By Dario Leister
Applications of synthetic biology to photosynthesis currently range from exchanging photosynthetic proteins to the utilization of photosynthesis as a source of electrons for entirely unrelated reactions.
Oxygenic photosynthesis is imperfect and the evolutionarily conditioned patchwork nature of the light reactions in plants provides ample scope for their improvement (Leister, 2012; Blankenship and Chen, 2013). In fact, only around 40% of the incident solar energy is used for photosynthesis. Two obvious ways of reducing energy loss are to expand the spectral band used for photosynthesis and to shift saturation of the process to higher light intensities. Indeed, even minor enhancements to the efficiency or stress resistance of the light reactions of photosynthesis should have a positive impact on biomass production and yield (Leister, 2012; Blankenship and Chen, 2013; Long et al., 2015).
However, modifications to the essential structure of the light reactions of plant photosynthesis are currently limited by two main factors. One is the high degree of conservation of their structural components, which limits the efficiency gains attainable by conventional breeding approaches (Dann and Leister, 2017). The second is that the organization of these structural components into multiprotein complexes requires the simultaneous tailoring of several proteins, some of them encoded by different genetic systems in different subcellular compartments (nucleus and chloroplasts) in land plants. Therefore, successful modification of the light reactions of plant photosynthesis has been limited to a few cases. Similarly, modification of the activity of auxiliary proteins involved in the regulation of the light reactions to enhance plant growth and yield has only recently resulted in successful outcomes and is limited to a small subset of regulatory proteins (Pribil et al., 2010; Kromdijk et al., 2016; Glowacka et al., 2018).
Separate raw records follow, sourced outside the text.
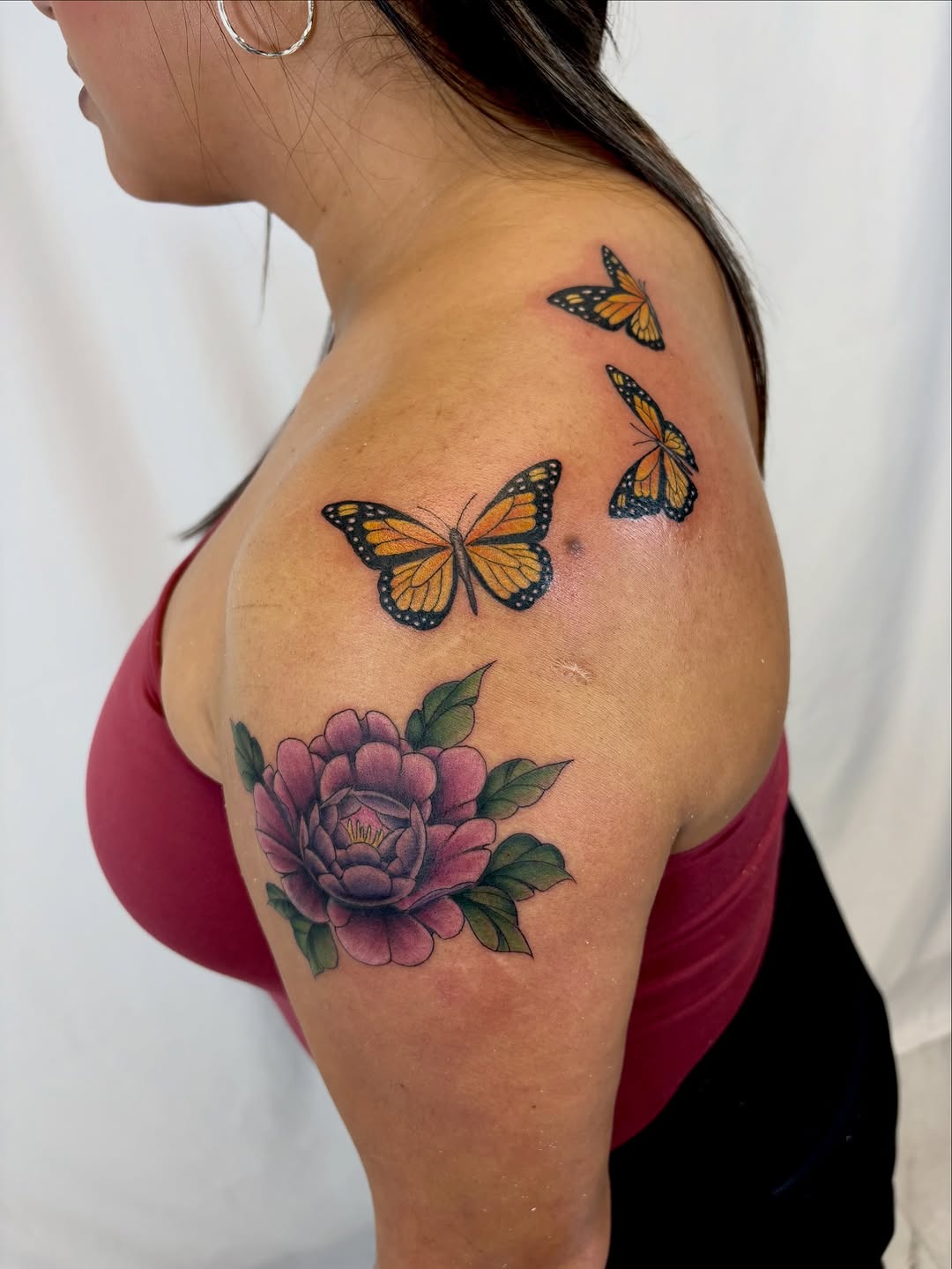 Peony and monarch butterflies neo-traditional tattoo on the shoulder by Bianca Cattapan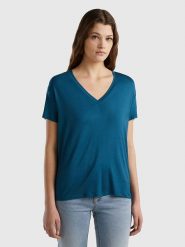 Benetton Koszulka w kolorze morskim rozmiar: XL. Niebieskie bluzki Benetton, xl, bez wzorów, bez kołnierzyka, bez ramiączek. Za 57.47 zł.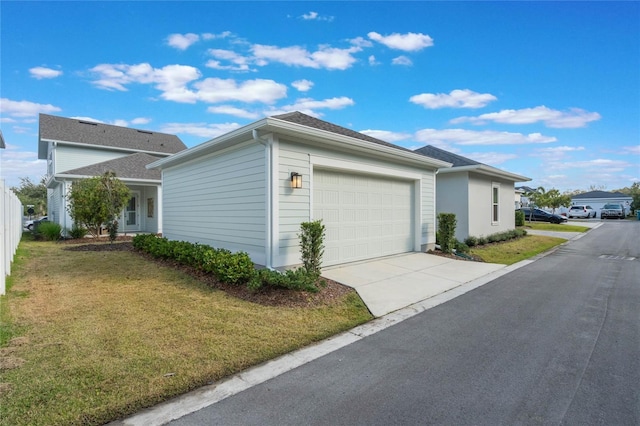 view of side of property with a garage and a yard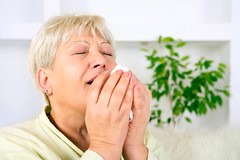 A blonde woman sneezing into a tissue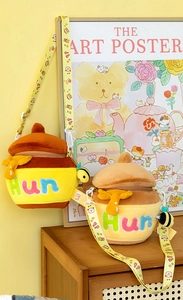 Detail of honey pot plush crossbody bags with cartoon straps and bee pendant decor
In addition to enhancing the light reactions for improved biomass production and yield, concepts have been developed for the direct coupling of photosynthesis to other important pathways that are indirectly connected to photosynthesis in natural systems, for instance, because they reside in different subcellular compartments (Lassen et al., 2014a). Direct coupling would be expected to boost the production of rare compounds in cells and contribute to the biotechnological production of high-value compounds in vivo.
In vitro, it is possible to functionally link components of photosynthesis with entirely unrelated biotic or abiotic catalysts, or with abiotic electrode materials. In fact, Photosystem I (PSI) is naturally adapted for highly efficient light harvesting and charge separation (Kargul et al., 2012; Nguyen and Bruce, 2014; Martin and Frymier, 2017), and has been described as the most efficient natural nano-photochemical machine (Nelson, 2009). Upon light excitation, PSI produces the most powerful naturally occurring reducing agent – P700* – which, together with an exceptionally long-lived charge-separated state, provides sufficient driving force to reduce protons to H2 at neutral pH. PSI operates with a quantum yield close to 1.0, and currently no synthetic system has approached its remarkable efficiency. Moreover, PSI preparations are generally robust, especially those obtained from extremophilic microalgae (Kubota et al., 2010; Haniewicz et al., 2018). The superior qualities of PSI have stimulated strategies designed to generate in vitro hybrids of PSI and various types of redox-active catalysts or other materials.
In sum, the light reactions of photosynthesis are a prime target for genetic engineering and synthetic biology approaches for three major reasons. (1) Enhancement of the process in vivo to increase the efficiency of light use promises to increase biomass and crop yields. (2) Coupling of the light reactions of photosynthesis to previously unconnected pathways will enable us to utilize the reducing power of the light reactions directly to produce large amounts of high-value compounds in vivo. (3) The high efficiency and robustness of PSI should allow it to be used in hybrids with biotic or abiotic components to generate hydrogen, simple carbon-based solar fuels, or electricity in vitro. In this review, the background to and recent developments in these three strategies are discussed.